Since I don't really like kills being terminators either, I am going to investigate changing that before pushing this further.

No, no. The exact opposite. My problem is the IR kill intrinsic is not a terminator. In the MIR exec modifications should be terminators as that's the only real mechanism for ensuring correct spill placement around them

Since I don't really like kills being terminators either, I am going to investigate changing that before pushing this further.

No, no. The exact opposite. My problem is the IR kill intrinsic is not a terminator. In the MIR exec modifications should be terminators as that's the only real mechanism for ensuring correct spill placement around them

Ah sorry, I did indeed misread your "isn't" as "is".
Can intrinsics even be terminators?
Or are you suggesting that we should split the block at the kill in the IR level very early in the backend?

Since I don't really like kills being terminators either, I am going to investigate changing that before pushing this further.

No, no. The exact opposite. My problem is the IR kill intrinsic is not a terminator. In the MIR exec modifications should be terminators as that's the only real mechanism for ensuring correct spill placement around them

Ah sorry, I did indeed misread your "isn't" as "is".
Can intrinsics even be terminators?

Almost. Recently the callbr instruction was added. I was thinking about using it for kills, but I haven't thought about this too carefully

Or are you suggesting that we should split the block at the kill in the IR level very early in the backend?

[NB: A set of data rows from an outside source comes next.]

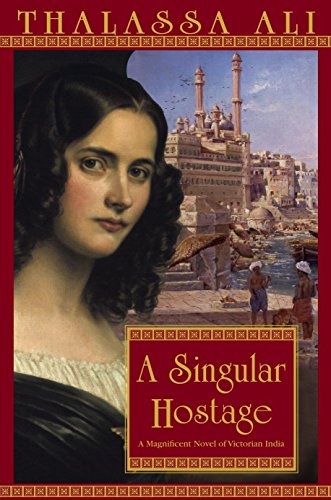 Book Cover A Singular Hostage (Mariana Givens)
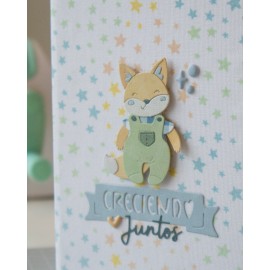 TROQUEL CRECIENDO A RO RÓ ARTESANA TALLER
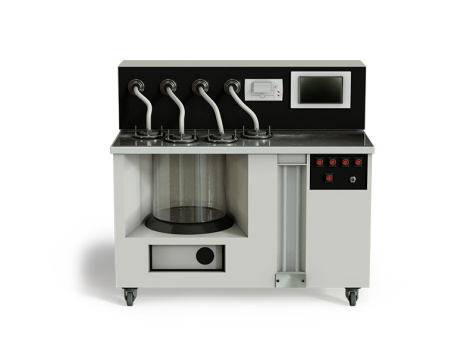 ВИСКОЗИМЕТР ВАКУУМНЫЙ КАПИЛЛЯРНЫЙ ВИС-В-БМ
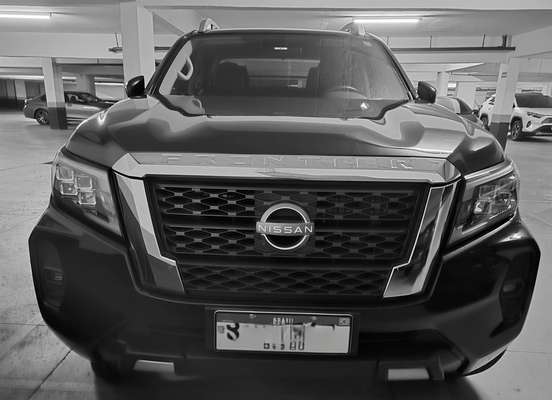 NISSAN-FRONTIER-2.3 16V TURBO DIESEL XE CD 4X4 AUTOMÁTICO NISSAN-FRONTIER-2023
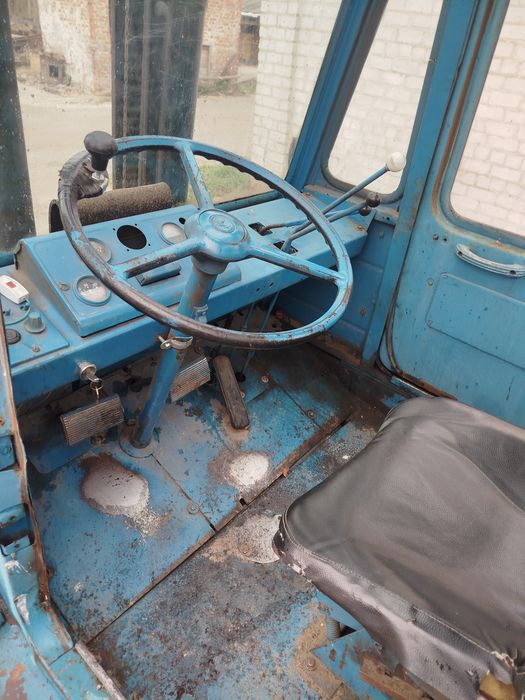 Продам львівський погружчик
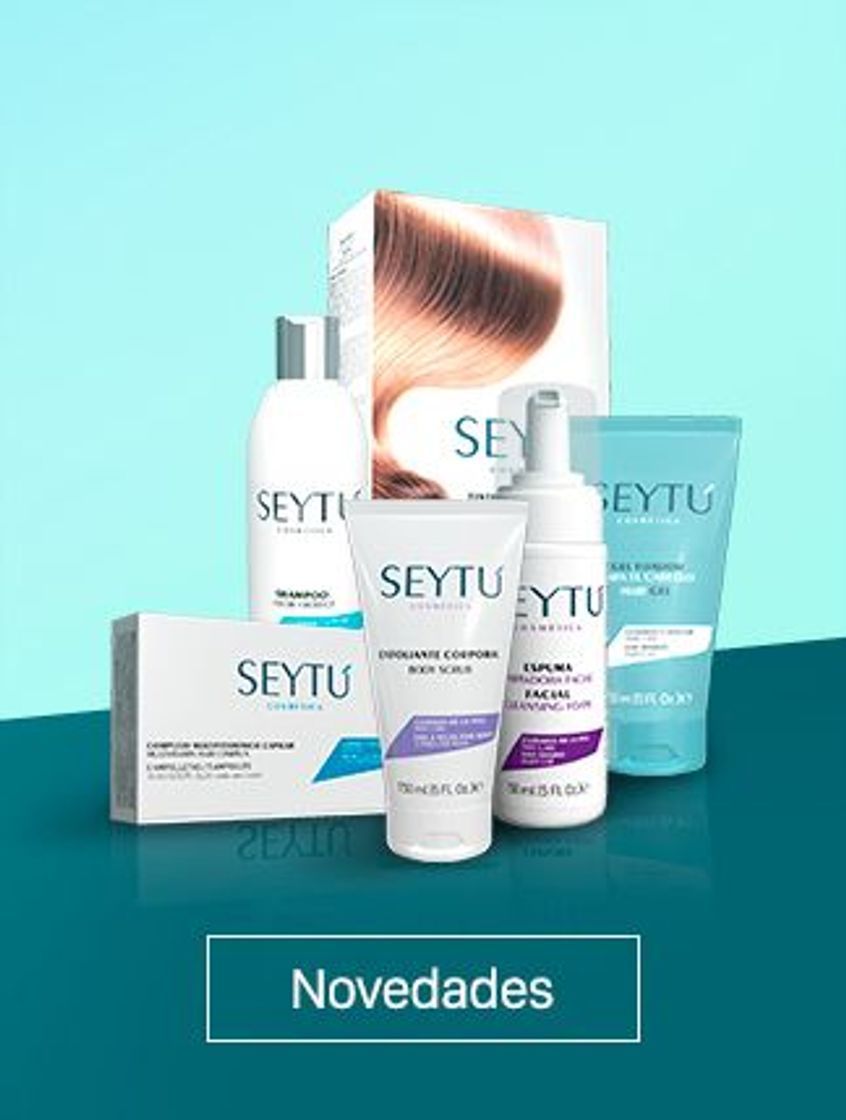 Productos Seytú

My initial thought is splitting blocks in the IR wouldn't be helpful. IR transforms are more likely to glue these blocks right back together again. Overall I'm more interested in moving towards the wave transform control flow lowering rather than thinking about how to improve the current IR pass flow

! In D97427#2587524, @arsenm wrote:

! In D97427#2587522, @critson wrote:
Or are you suggesting that we should split the block at the kill in the IR level very early in the backend?

My initial thought is splitting blocks in the IR wouldn't be helpful. IR transforms are more likely to glue these blocks right back together again. Overall I'm more interested in moving towards the wave transform control flow lowering rather than thinking about how to improve the current IR pass flow

I agree that focusing our energy on wave transform control flow is the way to go.
However, this is a legitimate bug causing Piglet test failures for Mesa so it would be good to fix it.

Returning to your question about "transitive successors".
I do not think this is an issue -- the problem is with else being put in the same block as a kill causing that kill to executed as if it was part of the preceding if-branch.
If we place an else in a transitive successor then that implies the kill was genuinely part of the if-branch, which is fine.

arsenm accepted this revision.Mar 10 2021, 5:54 AM
This revision is now accepted and ready to land.Mar 10 2021, 5:54 AM

Returning to your question about "transitive successors".
I do not think this is an issue -- the problem is with else being put in the same block as a kill causing that kill to executed as if it was part of the preceding if-branch.
If we place an else in a transitive successor then that implies the kill was genuinely part of the if-branch, which is fine.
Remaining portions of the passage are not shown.